También sabemos las mujeres que esos tiempos de sentido deben convivir con el tiempo del cronos, el tiempo que marca las horas, el orden a seguir, y sabemos lo difícil que es conjugarlo con los imprevistos de la vida, puesto que es un tiempo que no se abre, ni se deja ocupar por la vida y sus imprevistos, donde las relaciones no cuentan o si acaso sólo en tanto que instrumentales para dar forma al tiempo y a su eficacia. Pese a esta resistencia, la vida se obstina y se abre paso sin distinguir ni tiempo ni espacio, por eso pienso que a las mujeres nos cuesta mucho hacer esa absurda división entre público y privado, esa división entre el adentro y el afuera, pues cada una de nosotras llegamos al trabajo con un bolso lleno de indicios y evidencias de vida, las recetas de nuestra madre pensionista, el chupete de nuestro hijo, los cromos de la mayor, la merienda de los dos, pañuelos para sonar los mocos del niño o para secar las lágrimas vertidas de una compañera en la clandestina intimidad del baño, todo eso viene con nosotras allí donde vamos, porque nuestra vida no se queda aparcada en la recepción, sino que se mantiene viva más allá de un expediente y más allá de una reunión.

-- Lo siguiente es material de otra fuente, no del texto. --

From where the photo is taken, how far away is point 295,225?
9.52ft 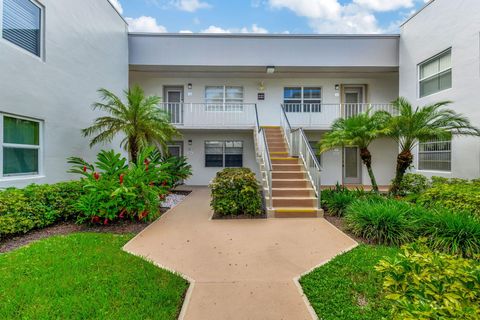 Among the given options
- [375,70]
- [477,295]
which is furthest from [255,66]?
[477,295]

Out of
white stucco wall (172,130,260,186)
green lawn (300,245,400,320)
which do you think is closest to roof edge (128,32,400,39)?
white stucco wall (172,130,260,186)

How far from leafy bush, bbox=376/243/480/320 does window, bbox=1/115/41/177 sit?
7597 mm

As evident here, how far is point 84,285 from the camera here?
118 inches

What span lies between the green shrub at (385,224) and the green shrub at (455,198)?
3.17 feet

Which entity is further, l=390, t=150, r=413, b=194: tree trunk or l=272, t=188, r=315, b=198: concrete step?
l=390, t=150, r=413, b=194: tree trunk

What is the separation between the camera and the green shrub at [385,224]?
15.4 feet

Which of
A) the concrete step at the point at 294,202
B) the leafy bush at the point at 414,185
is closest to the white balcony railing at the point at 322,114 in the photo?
the leafy bush at the point at 414,185

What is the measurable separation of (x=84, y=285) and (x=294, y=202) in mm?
5230

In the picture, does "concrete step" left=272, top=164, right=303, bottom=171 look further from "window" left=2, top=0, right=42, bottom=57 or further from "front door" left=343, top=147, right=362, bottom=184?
"window" left=2, top=0, right=42, bottom=57

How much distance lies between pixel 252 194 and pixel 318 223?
71.4 inches

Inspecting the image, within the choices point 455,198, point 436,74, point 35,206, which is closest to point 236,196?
point 35,206

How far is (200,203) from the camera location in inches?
325

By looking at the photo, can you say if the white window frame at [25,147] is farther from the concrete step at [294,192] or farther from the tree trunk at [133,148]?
the concrete step at [294,192]

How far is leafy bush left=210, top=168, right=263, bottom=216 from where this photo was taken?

Que él sepa ver la grandeza de esos gestos no depende de Rosa, ni de nosotras las mujeres, sino de que este hombre (el patriarcado) reconozca, acoja, agradezca y ponga en valor esa diferencia, el más relacional que nosotras llevamos al mercado del trabajo, un más que aunque algunos se empeñen en ver como un menos y otros como un igual, es una evidente diferencia que han aportado las mujeres al mundo del trabajo y está ligada íntimamente con esa forma de estar en el mundo estableciendo redes y relaciones de dependencia que hacen que la vida sea un poco más vivible cada día. Y mientras nosotras hemos llevado estas necesidades de relación al mercado laboral, los sentimientos, los afectos, las palabras, las confidencias, la solidaridad…….., el patriarcado ha relegado estas necesidades a la vida privada, dejando lo “público” desnudo de sentido. Y es que el patriarcado cuando no ha sabido, o no ha querido solventar un conflicto en las relaciones entre los sexos, ha optado por calificar el asunto de privado, ésta ha sido la tradicional forma de cerrarse y cegarse a aceptar la diferencia.

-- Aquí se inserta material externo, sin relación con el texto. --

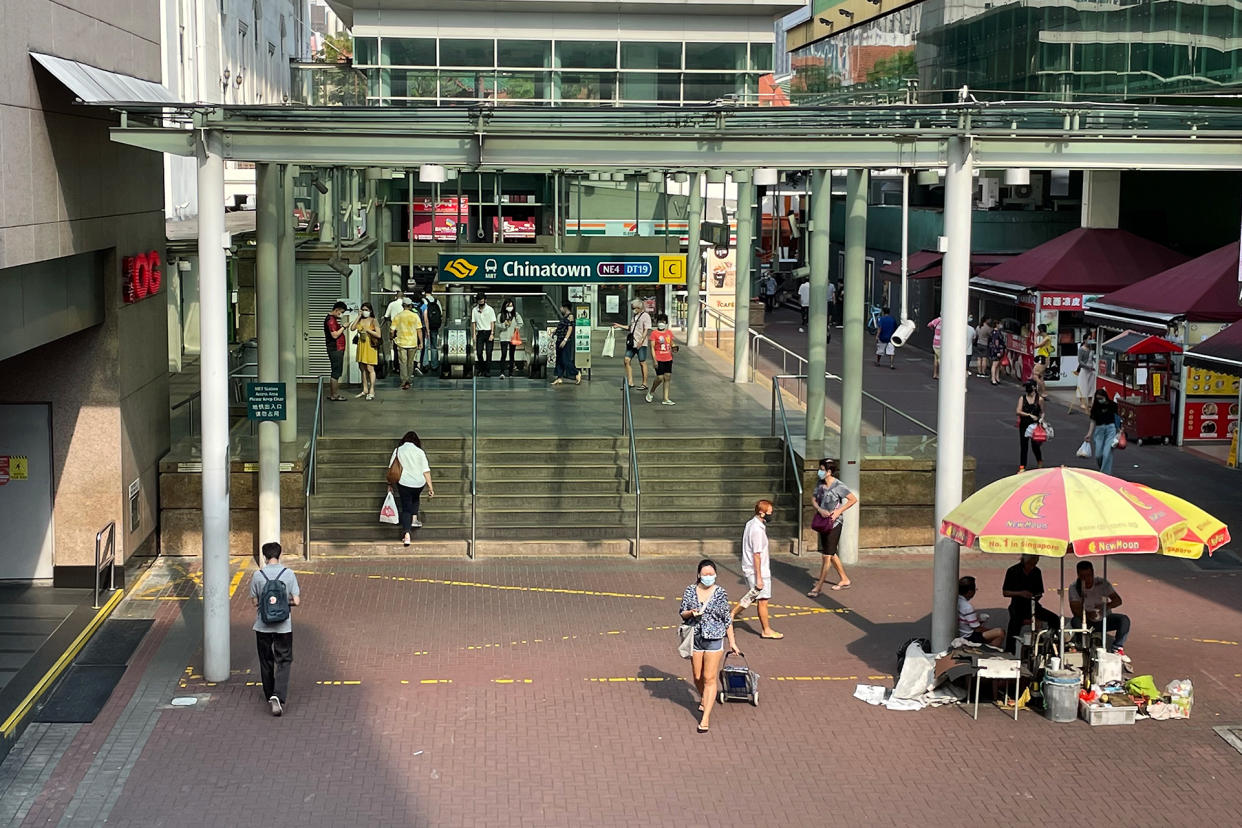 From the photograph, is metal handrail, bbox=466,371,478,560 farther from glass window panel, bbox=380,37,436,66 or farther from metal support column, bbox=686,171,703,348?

Poner pues, en el centro las relaciones y la interpretación libre de ser mujer es rescatar la diferencia, para que no sea engullida por el principio de igualdad, porque como dice Lia Cigarini: “no permitir su homologación significa libertad, porque diferencia es ante todo pensarme y ponerme autónomamente en el mundo”.

Esto y muchas cosas más las he aprendido en los textos de la revista Duoda, en ellos están impresas las palabras y la maestría de unas mujeres que fieles a la interpretación libre de sí han creado conocimiento a través de la práctica política del pensamiento de la diferencia y la práctica de la relación, recuperando el simbólico materno han sabido transmitir sus saberes poniendo en palabras la experiencia, haciendo de ella texto encarnado, huellas de vida impresas que a mí me guían y orientan.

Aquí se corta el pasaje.